Por Fernando de las Fuentes
¡Cuántas ocultas demencias contiene el orden cotidiano!
Witold Gombrowic
La historia de la humanidad podría resumirse en un relato de nuestra tendencia a pervertir lo bueno para autodestruirnos, tratando paradójicamente de salvarnos.
En ese relato, ocuparía un lugar destacado nuestra capacidad para normalizar situaciones, creencias, actitudes y conductas que nos dañan.
Ciertamente, es a través de la normalización que podemos vivir en sociedad. Imponer normas, legales y morales, considerar normal (la regla) lo que es común a todos, es el requisito para coexistir con otros, en todos los niveles de convivencia.
Ahora bien, la normalización extrema, siempre dañina, es básicamente una necesidad emocional, que consiste en “anormalizar” a otros desde la intolerancia, imponiendo reglas sociales reprobatorias o incluso prohibitivas, a través de la violencia de cualquier tipo, lo que da como consecuencia, entre otros males sociales, discriminación, guerras y bullying.

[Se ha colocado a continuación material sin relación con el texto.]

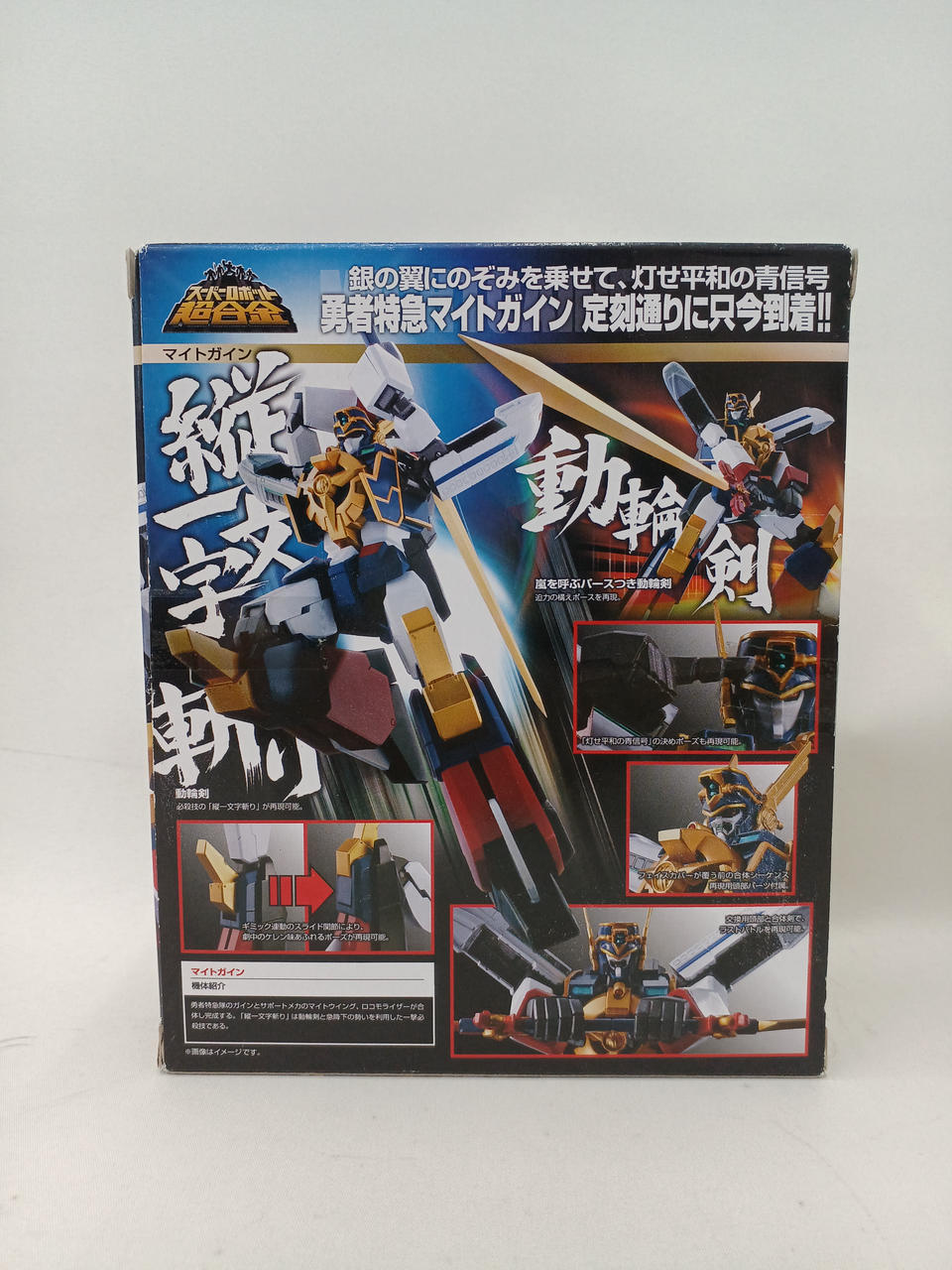 BANDAI Super Robot Chogokin Might Gaine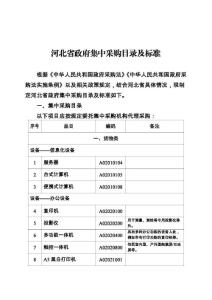 河北省政府集中采購目錄及標(biāo)準(zhǔn)2024-11-5最新版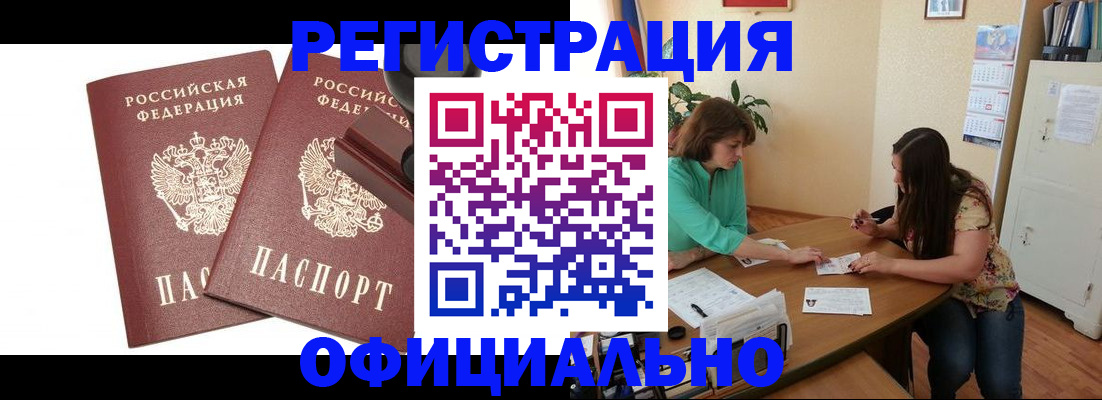 прописка для школы в Мирном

Desarrollamos creencias y conductas que llevan como objetivo humillar en grupo a nuestros semejantes, de manera que “sientan” su “anormalidad” y ellos mismos se marginen o luchen por alcanzar aprobación. En el primer caso producimos resentidos sociales; en el segundo, enajenados.
Luego nos preguntamos por qué la juventud se organiza en pandillas, grupos que adoptan su identidad a partir de formas contraculturales, a veces ilegales, de actuar.
Lo “normal” no es más que un concepto, que se elabora, no desde lo que se acepta, sino desde lo que se rechaza, lo que asusta, perturba y desestabiliza. Comenzamos por señalar lo que no debiera ser, lo anormal; lo describimos y detallamos, lo detestamos. Muy probablemente seamos incluso incapaces de identificar con claridad lo normal, que es simplemente lo propio, contra la “anormalidad” de lo ajeno.
La normalización, a nivel personal, es la única forma de mantenerse en la zona de confort, porque nos aterra lo que hay fuera de ella, por más alentador de parezca. Nos mantenemos así en la normalidad del maltrato intrafamiliar, la violencia de género y por diversidad sexual, de la mentira y de la pobreza. Como es normal “es la verdad”.
Convertidas en verdad una circunstancia, situación, idea y/o emoción que llegaron para movernos, hacernos cambiar, pero se enquistaron en nuestras vidas por nuestro miedo a enfrentarlas, somos capaces de sostener verdaderos tormentos durante tanto tiempo como sea posible, a pesar de las vidas que ello cueste, del sufrimiento que signifique, de la indignidad que acarree, hasta que un día “revienta la burbuja” y dejamos de admitirlo y permitirlo, entonces construimos nuevas reglas de equidad, tanto a nivel personal como social, pero muchas de ellas vienen ya con la semilla de lo que será su propio exceso y se volverán a convertir, a la larga, si no es que antes, en otro horror normalizado.
Usando pues la herramienta de sobrevivencia de la normalización como arma de sometimiento o destrucción, estigmatizamos a nuestros semejantes, lo marginamos y los expulsamos del ámbito de lo normal, por tanto, los dejamos sin posibilidad de aceptación, eso que por otra parte nosotros buscamos desesperadamente, tanto como para arrebatarle a otros la posibilidad de tenerlo o simplemente negárselos, porque lo propio “es mejor” y porque no podemos dar lo que no tenemos.
En este relato de los absurdos de la humanidad, la normalización viene sostenida siempre, para poder existir, de una de las formas más persistentes, extendidas y recurridas de negación: la simulación. Hacemos como que no está pasando hasta que desaparece de nuestra conciencia. Nos sacamos solos los ojos de la atención, como un Edipo mental, para no darnos cuenta de nuestra realidad, de lo que hemos hecho o estamos haciendo, de lo que ocasionamos con ello, porque necesitamos, ante todo, satisfacer nuestras carencias y compensar las heridas de la infancia, que son los únicos motivos por los cuales podemos despreciar a quienes son nuestros iguales.
En el fondo sabemos la verdad, y nos aferramos a la mentira, la normalizamos y establecemos un nuevo régimen de horror. Establecemos el reinado de Edipo.